Records from a dataset:
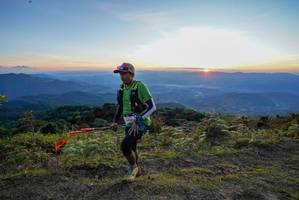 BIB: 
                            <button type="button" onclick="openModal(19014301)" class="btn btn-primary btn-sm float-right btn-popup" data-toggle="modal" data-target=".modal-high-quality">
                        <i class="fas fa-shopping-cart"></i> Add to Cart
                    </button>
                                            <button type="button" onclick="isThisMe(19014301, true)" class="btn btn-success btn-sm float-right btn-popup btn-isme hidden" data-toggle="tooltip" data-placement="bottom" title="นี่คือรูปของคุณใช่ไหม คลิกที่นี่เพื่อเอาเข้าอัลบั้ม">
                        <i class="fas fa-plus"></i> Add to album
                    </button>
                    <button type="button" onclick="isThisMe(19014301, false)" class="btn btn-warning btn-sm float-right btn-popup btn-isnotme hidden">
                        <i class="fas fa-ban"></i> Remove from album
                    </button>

WHAT IS BEING ASKED.
Leaving out any images, restate every record word for word.

OUTPUT BELOW.
 BIB: 
                            <button type="button" onclick="openModal(19014301)" class="btn btn-primary btn-sm float-right btn-popup" data-toggle="modal" data-target=".modal-high-quality">
                        <i class="fas fa-shopping-cart"></i> Add to Cart
                    </button>
                                            <button type="button" onclick="isThisMe(19014301, true)" class="btn btn-success btn-sm float-right btn-popup btn-isme hidden" data-toggle="tooltip" data-placement="bottom" title="นี่คือรูปของคุณใช่ไหม คลิกที่นี่เพื่อเอาเข้าอัลบั้ม">
                        <i class="fas fa-plus"></i> Add to album
                    </button>
                    <button type="button" onclick="isThisMe(19014301, false)" class="btn btn-warning btn-sm float-right btn-popup btn-isnotme hidden">
                        <i class="fas fa-ban"></i> Remove from album
                    </button>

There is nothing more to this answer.